Stored data:
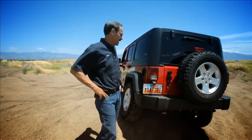Here we are with this big old Teraflex sticker on the Jeep. It's embarrassing. It's time — we've got to do a four inch long arm on this thing.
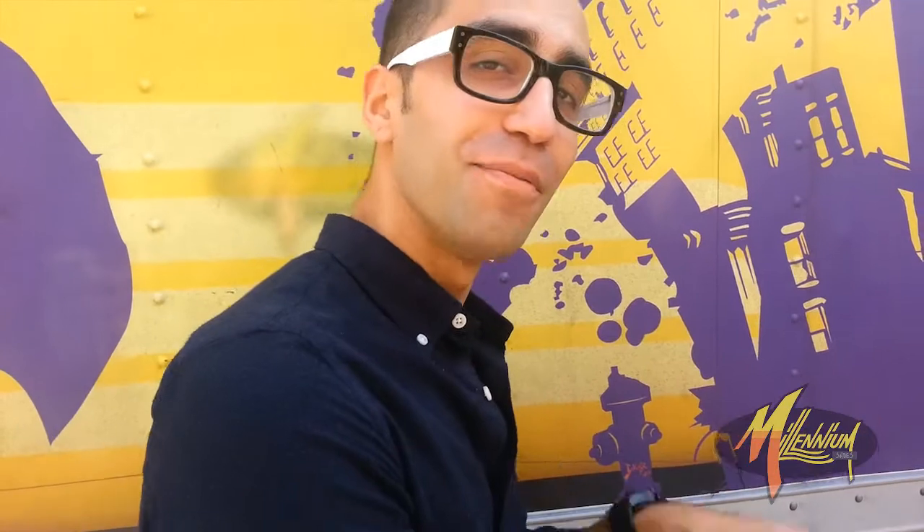Hey, this is Mickey at Millennium Shoes. We're here right now with the Jordan 5 Bel Air. Y'all been waiting — the time is here.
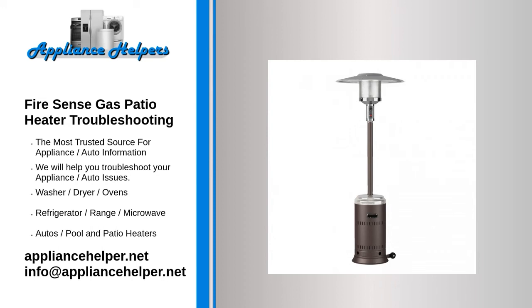Outdoor furniture and fixtures accumulate dust, dirt, and debris. When these elements stack up on a patio heater's gas or electric heating element, the heater may have starting issues or reduced heat production. If your patio heater has these issues, cleaning it could be all you need to do to clean the burner or heating elements.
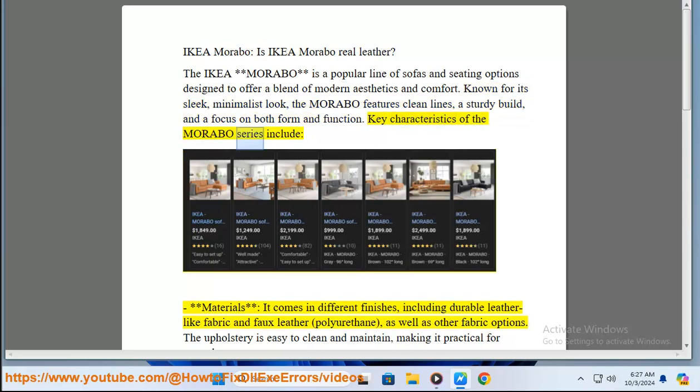Key characteristics of the Morabo series include materials: it comes in different finishes, including durable leather-like fabric and faux leather (polyurethane), as well as other fabric options. The upholstery is easy to clean and maintain, making it practical for everyday use.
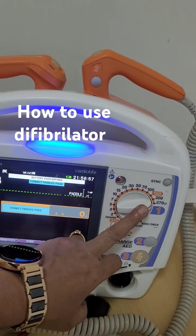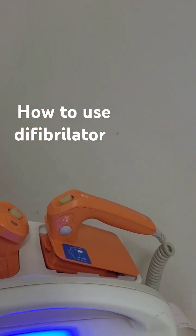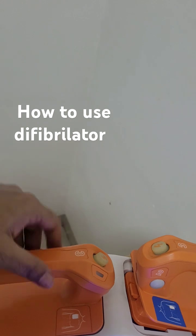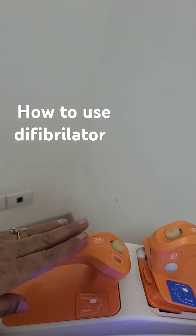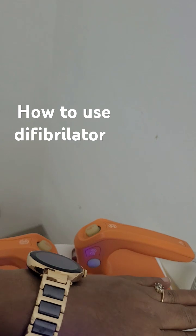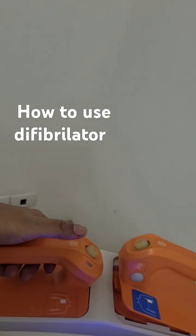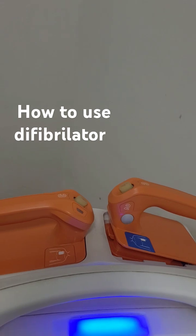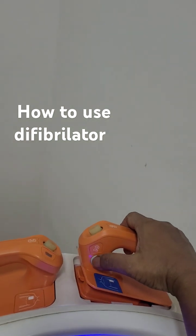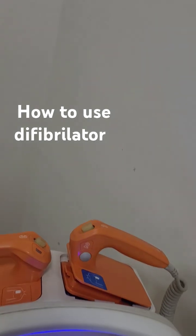Once you have selected the energy, you take the paddle off and attach it to the patient. The right hand paddle will be just below the clavicle and the left hand paddle will be just below the left nipple. Then you charge it - generally we charge it by our thumb only, by pressing these two buttons.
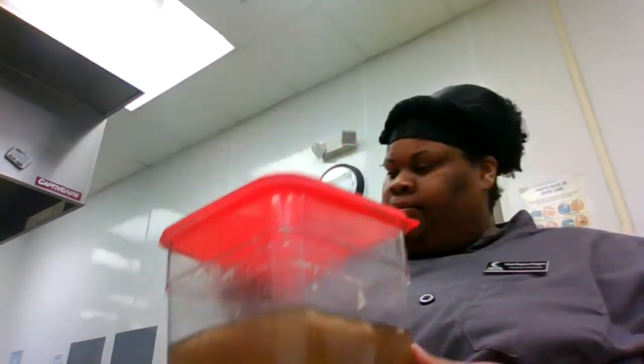The first thing we're going to do is make a homemade cream of chicken soup. Here's what you're going to need: some butter, some all-purpose flour, a pot to cook in, a whisk, and I have some homemade chicken stock.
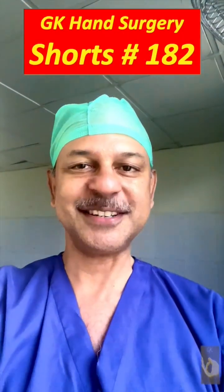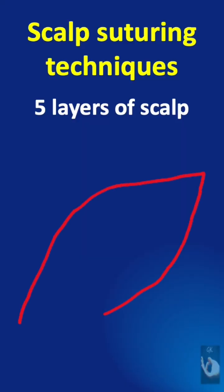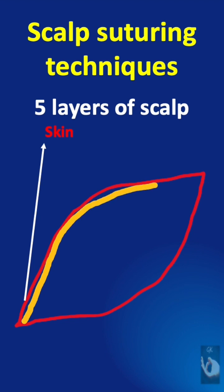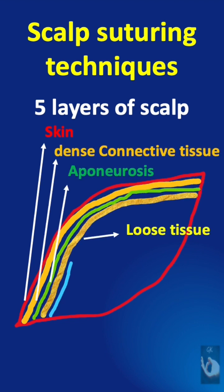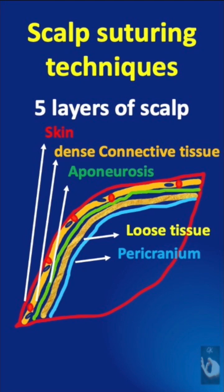Learning surgery one point at a time. The scalp has five layers: the skin, the dense connective tissue, the aponeurosis, the loose areolar tissue, and the pericranium. It is the dense connective tissue that contains the blood vessels.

**Activity**
Each line from the top of the records through the one containing "Once you have" needs to be transcribed exactly, without pictures.

**Exercise result**
Here we are with this big old Teraflex sticker on the Jeep. It's embarrassing. It's time — we've got to do a four inch long arm on this thing.
Hey, this is Mickey at Millennium Shoes. We're here right now with the Jordan 5 Bel Air. Y'all been waiting — the time is here.
Outdoor furniture and fixtures accumulate dust, dirt, and debris. When these elements stack up on a patio heater's gas or electric heating element, the heater may have starting issues or reduced heat production. If your patio heater has these issues, cleaning it could be all you need to do to clean the burner or heating elements.
Key characteristics of the Morabo series include materials: it comes in different finishes, including durable leather-like fabric and faux leather (polyurethane), as well as other fabric options. The upholstery is easy to clean and maintain, making it practical for everyday use.
Once you have selected the energy, you take the paddle off and attach it to the patient. The right hand paddle will be just below the clavicle and the left hand paddle will be just below the left nipple. Then you charge it - generally we charge it by our thumb only, by pressing these two buttons.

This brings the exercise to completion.